By Michelle Hough, Communications Officer
A group of 40 women and children are waiting for us as we arrive in the rural area of Velebantfu. They all have HIV, and so do many of the children.
I ask where all the men are. I’m told they are dead. Musa had told said that life expectancy in Swaziland was 37 years old. Many of the husbands and boyfriends who have died were in their 30s and 40s – an age when they could have actively contributed to the country’s workforce.
The women are now sick and frightened. They have little money and very little food or water. The local hospital provides antiretrovirals, but some women tell me they sometimes skip their monthly trip to the hospital because it is 45km away and they can’t always afford the bus fare. Some of the women I spoke to also have TB.
“I went to get tested for HIV because two of my children had died,” says Thabisile, 37.
Her third child died – even though he was getting treatment – as well as her husband. She now lives with her 12-year-old daughter in an isolated place. The spring has dried up and the only food she has is dried corn cobs.
She was diagnosed in 2007, but now she also has TB as well as HIV. I ask her if she always took her ARVs. She says not always as the hospital where she collects them from is far away. She has to walk 3 miles along a rough track just to get to the bus stop. Then, it costs 30 rand (around 2.60 euro) for a return trip, and she didn’t always have that money.
Last month, she got her ARVs because she was already at the hospital to visit her brother, who was dying from an AIDS-related illness.
As we left Thabisilie, I asked Grace Ntshangase, the Caritas community carer for the area, why there was so much HIV in this rural area.

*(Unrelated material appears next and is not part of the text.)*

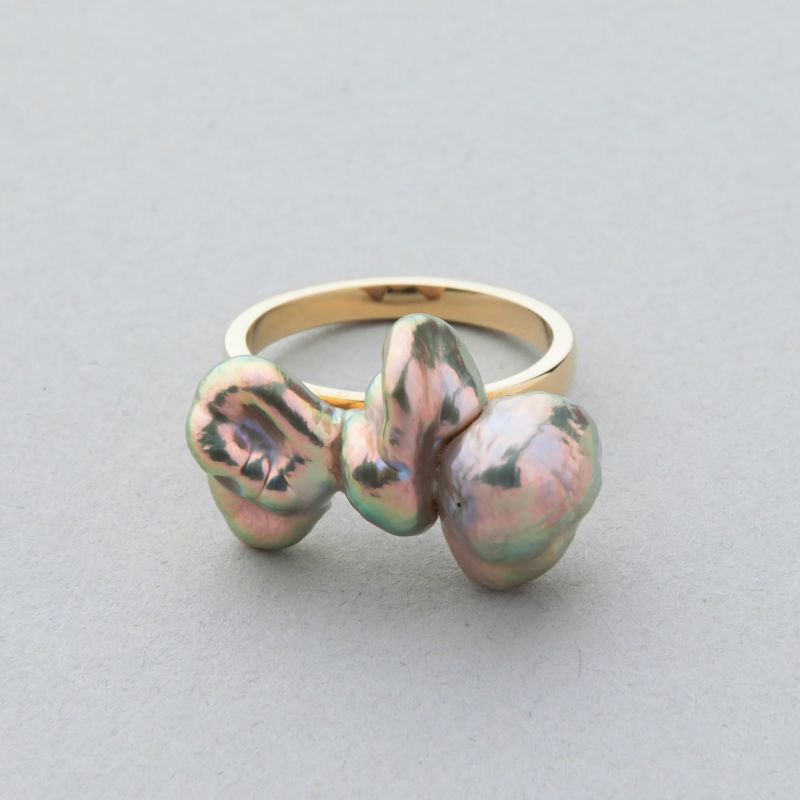 Unique fun! 淡水ケシ真珠 リング　K18YG 10-13mm バロック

“People didn’t really know about it until 2002,” she said. “Before that, if sores appeared on a person’s body or they fell ill, they thought they were the victim of witchcraft.”
I was also told that because the King of Swaziland had many wives, it was culturally accepted to have multiple partners.
Thabilisie looked very sick. She had sores on her face and she was coughing a lot with the TB. She usually ate one meal of “sour porridge” a day. She had to buy water from the local shop. Her only income was what she got from taking in washing.
To take ARV tablets, you need water. Studies say that your appetite increases by 30 percent when you take them, so you need lots of nutritious food. You also need money for travel and treatment. Thabilisie was up against enormous difficulties for all of these every day of her life. We gave her some food and Grace said that now she had met her, she would return.
The other women told me similar stories. They didn’t have food, and they couldn’t always afford to go to the hospital to collect their ARVs, which meant they could get very ill.
Dumsile, 32, takes us to where she lives. There are two mud huts and two small cement houses, and yet she lives alone with her 20-month-old son. She says that her brother and his family used to live in the other house, but they have all died from HIV.
Dumsile has HIV and so does her son. Dumsile doesn’t live with the father, who also has HIV and was unemployed.
She has another older child and also a child who died in 2002 at 11 months old. After this happened, Dumsile decided to get tested in 2003 and discovered she had HIV.
When she was pregnant with Bouginkosi she took medication to stop her passing HIV on to him. I’m puzzled as to why he now has HIV.
“I breastfed him,” said Dumsile. “I knew he could get HIV because of that, but I didn’t have any food to give him, so I didn’t have a choice.”